Preclinical development of humanized monoclonal antibodies against CD169 as a broad antiviral therapeutic strategy

Patricia Resa-Infante  1 Itziar Erkizia  2 Xabier Muñiz-Trabudua  2 Federica Linty  3 Arthur E H Bentlage  3 Daniel Perez-Zsolt  2 Jordana Muñoz-Basagoiti  2 Dàlia Raïch-Regué  2 Nuria Izquierdo-Useros  2 Theo Rispens  4 Gestur Vidarsson  3 Javier Martinez-Picado  5
Affiliations

Preclinical development of humanized monoclonal antibodies against CD169 as a broad antiviral therapeutic strategy

Patricia Resa-Infante et al. Biomed Pharmacother. 2024 Jun.

Abstract

New therapies to treat or prevent viral infections are essential, as recently observed during the COVID-19 pandemic.
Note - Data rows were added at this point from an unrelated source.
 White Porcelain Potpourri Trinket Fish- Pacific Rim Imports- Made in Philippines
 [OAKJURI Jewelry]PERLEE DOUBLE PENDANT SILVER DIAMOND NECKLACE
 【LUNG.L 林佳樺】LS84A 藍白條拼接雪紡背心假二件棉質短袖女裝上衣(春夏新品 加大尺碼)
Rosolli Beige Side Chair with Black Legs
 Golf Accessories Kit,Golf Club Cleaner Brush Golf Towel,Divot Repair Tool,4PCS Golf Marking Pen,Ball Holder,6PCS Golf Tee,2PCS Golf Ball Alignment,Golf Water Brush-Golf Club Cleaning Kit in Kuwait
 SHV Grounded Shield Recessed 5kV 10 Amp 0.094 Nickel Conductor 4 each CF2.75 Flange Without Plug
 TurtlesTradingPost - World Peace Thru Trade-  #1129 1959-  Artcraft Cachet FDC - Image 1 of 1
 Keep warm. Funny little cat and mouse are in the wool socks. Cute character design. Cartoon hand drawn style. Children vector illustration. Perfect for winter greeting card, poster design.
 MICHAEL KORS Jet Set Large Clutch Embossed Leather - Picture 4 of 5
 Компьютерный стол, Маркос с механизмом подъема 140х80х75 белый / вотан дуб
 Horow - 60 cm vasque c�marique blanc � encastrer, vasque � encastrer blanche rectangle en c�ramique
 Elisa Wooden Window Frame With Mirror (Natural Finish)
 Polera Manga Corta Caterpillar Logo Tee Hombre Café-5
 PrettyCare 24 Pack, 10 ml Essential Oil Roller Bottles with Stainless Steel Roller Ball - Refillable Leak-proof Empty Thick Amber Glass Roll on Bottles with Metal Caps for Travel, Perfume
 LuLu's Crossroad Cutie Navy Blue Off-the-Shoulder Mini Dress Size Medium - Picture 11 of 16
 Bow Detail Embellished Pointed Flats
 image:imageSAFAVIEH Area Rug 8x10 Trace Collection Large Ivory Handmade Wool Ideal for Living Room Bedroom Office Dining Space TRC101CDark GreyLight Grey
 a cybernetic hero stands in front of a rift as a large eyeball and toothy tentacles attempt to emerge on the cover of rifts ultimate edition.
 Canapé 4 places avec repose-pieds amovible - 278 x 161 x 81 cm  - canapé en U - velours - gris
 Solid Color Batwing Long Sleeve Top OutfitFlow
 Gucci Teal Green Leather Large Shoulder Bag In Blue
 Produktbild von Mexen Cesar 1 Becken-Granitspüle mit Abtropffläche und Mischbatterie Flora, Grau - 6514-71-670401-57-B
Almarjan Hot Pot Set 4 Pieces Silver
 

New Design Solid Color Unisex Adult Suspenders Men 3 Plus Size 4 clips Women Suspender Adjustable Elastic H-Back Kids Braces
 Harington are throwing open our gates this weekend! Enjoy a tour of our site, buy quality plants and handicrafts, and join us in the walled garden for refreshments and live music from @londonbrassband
Here, we propose a therapeutic strategy based on monoclonal antibodies that block the specific interaction between the host receptor Siglec-1/CD169 and gangliosides embedded in the viral envelope. Antibodies are an excellent option for treating infectious diseases based on their high specificity, strong targeting affinity, and relatively low toxicity. Through a process of humanization, we optimized monoclonal antibodies to eliminate sequence liabilities and performed biophysical characterization. We demonstrated that they maintain their ability to block viral entry into myeloid cells. These molecular improvements during the discovery stage are key if we are to maximize efforts to develop new therapeutic strategies. Humanized monoclonal antibodies targeting CD169 provide new opportunities in the treatment of infections caused by ganglioside-containing enveloped viruses, which pose a constant threat to human health. In contrast with current neutralizing antibodies that bind antigens on the infectious particle, our antibodies can prevent several types of enveloped viruses interacting with host cells because they target the host CD169 protein, thus becoming a potential pan-antiviral therapy.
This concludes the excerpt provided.